### Exercise directions
Reproduce the records below exactly, but leave their pictures out of the copy.

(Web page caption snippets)

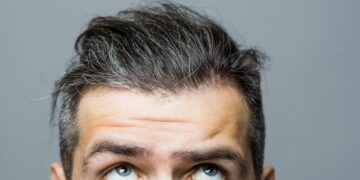 Ist es möglich, dass durch Stress ergraute Haare ihre ursprüngliche Farbe wiedererlangen? (Bild: Volodymyr/stock.adobe.com)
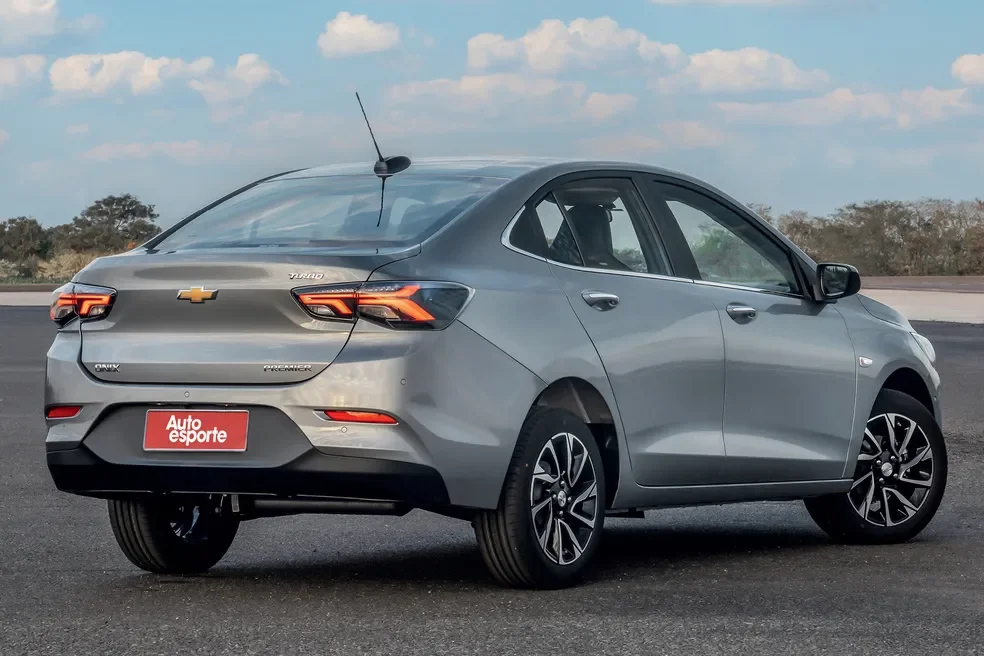 Traseira do Chevrolet Onix Plus vista de forma diagonal.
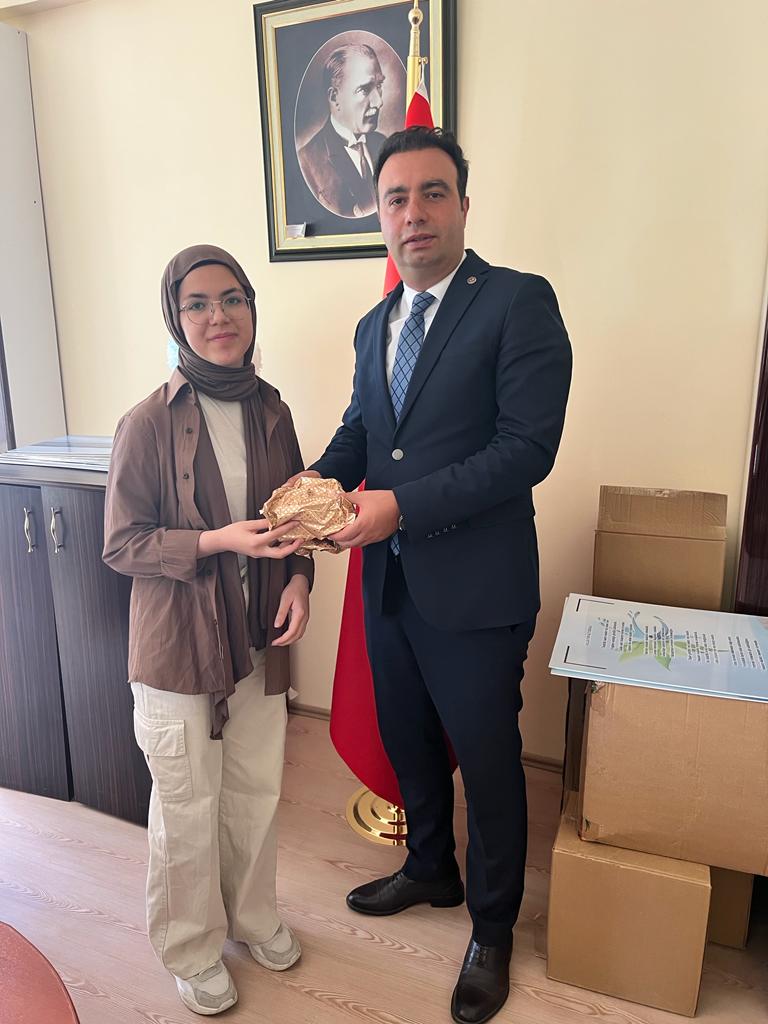BurdurIlce's tweet photo. LGS 'de  İlçemiz genelinde ilk beş sırayı alan öğrencilerimiz Kaymakamımız Sayın Erdem YENİSOY tarafından ödüllendirildi.

Ödül törenine İlçe Milli Eğitim Müdür Vekilimiz Ömer DAŞDELEN, okul yöneticilerimiz ve velilerimiz katıldılar.

Öğrencilerimize başarılar dileriz. https://t.co/pSlFuDVTtB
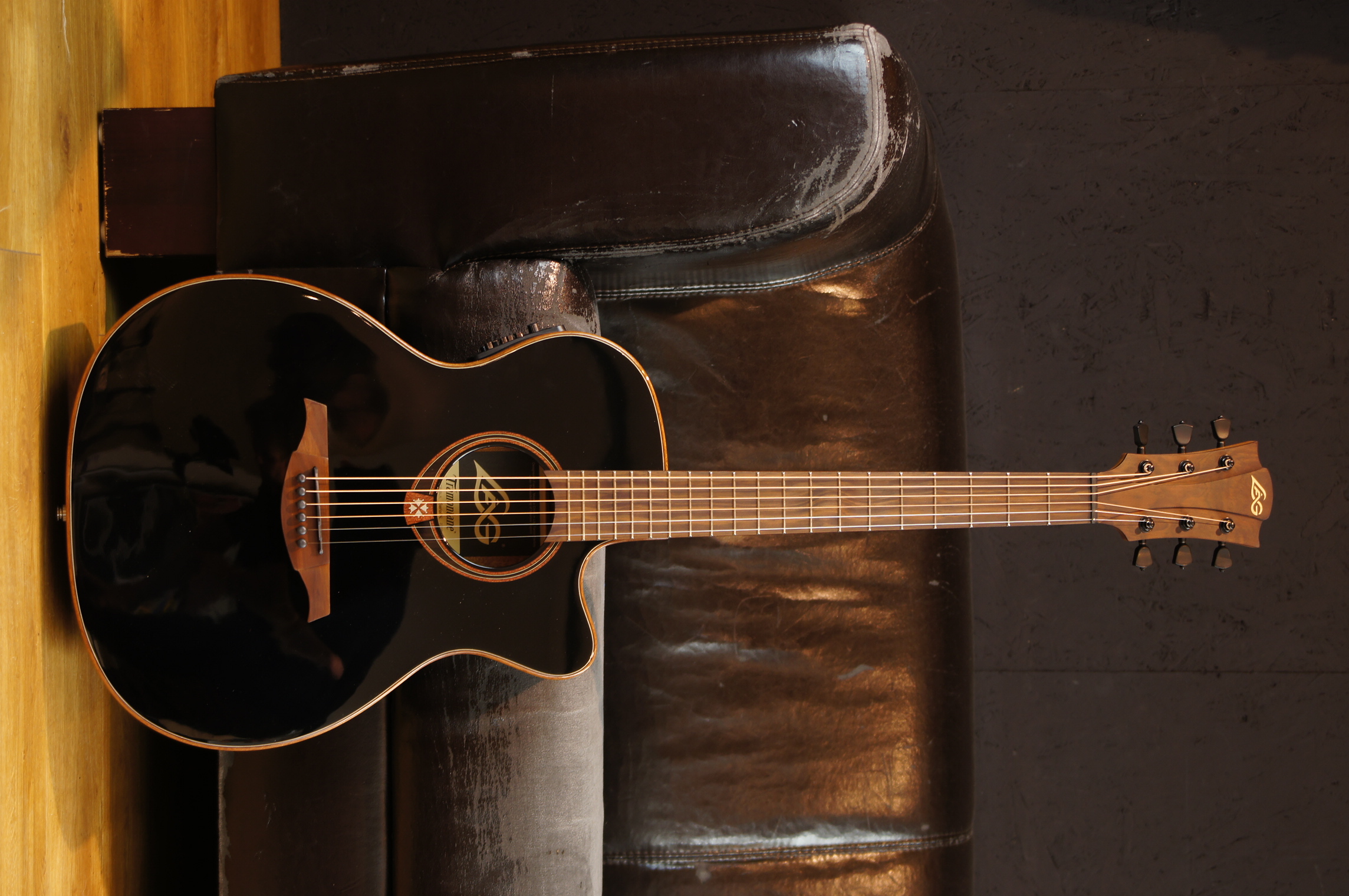 LAG Westerngitarre Tramontane 118 Auditorium schwarz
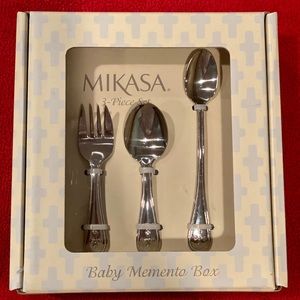 Mikasa 3-Piece Set  NEW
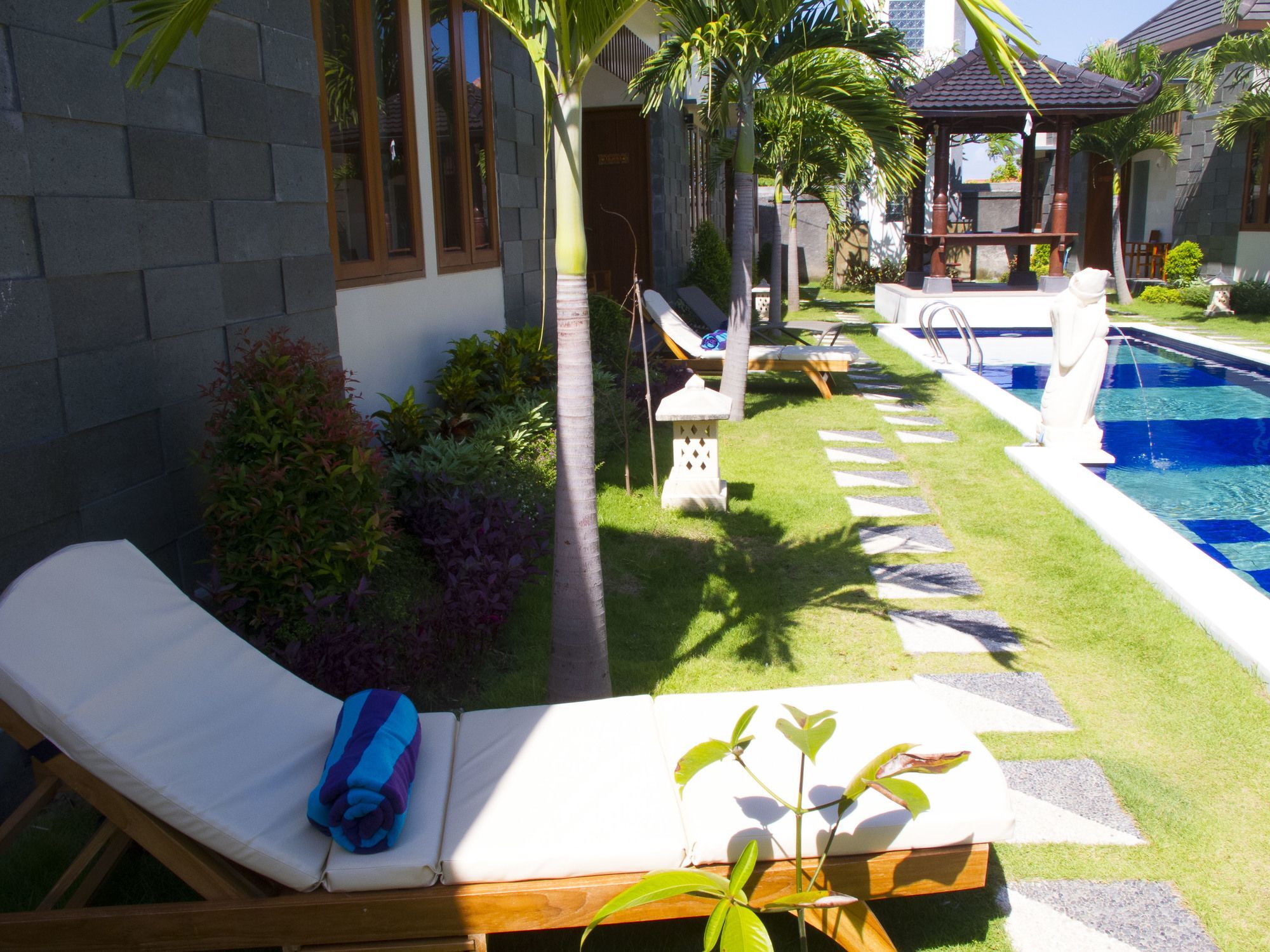 Kubu Daton Homestay Санур Экстерьер фото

### The completed task
 Ist es möglich, dass durch Stress ergraute Haare ihre ursprüngliche Farbe wiedererlangen? (Bild: Volodymyr/stock.adobe.com)
 Traseira do Chevrolet Onix Plus vista de forma diagonal.
BurdurIlce's tweet photo. LGS 'de  İlçemiz genelinde ilk beş sırayı alan öğrencilerimiz Kaymakamımız Sayın Erdem YENİSOY tarafından ödüllendirildi.

Ödül törenine İlçe Milli Eğitim Müdür Vekilimiz Ömer DAŞDELEN, okul yöneticilerimiz ve velilerimiz katıldılar.

Öğrencilerimize başarılar dileriz. https://t.co/pSlFuDVTtB
 LAG Westerngitarre Tramontane 118 Auditorium schwarz
 Mikasa 3-Piece Set  NEW
 Kubu Daton Homestay Санур Экстерьер фото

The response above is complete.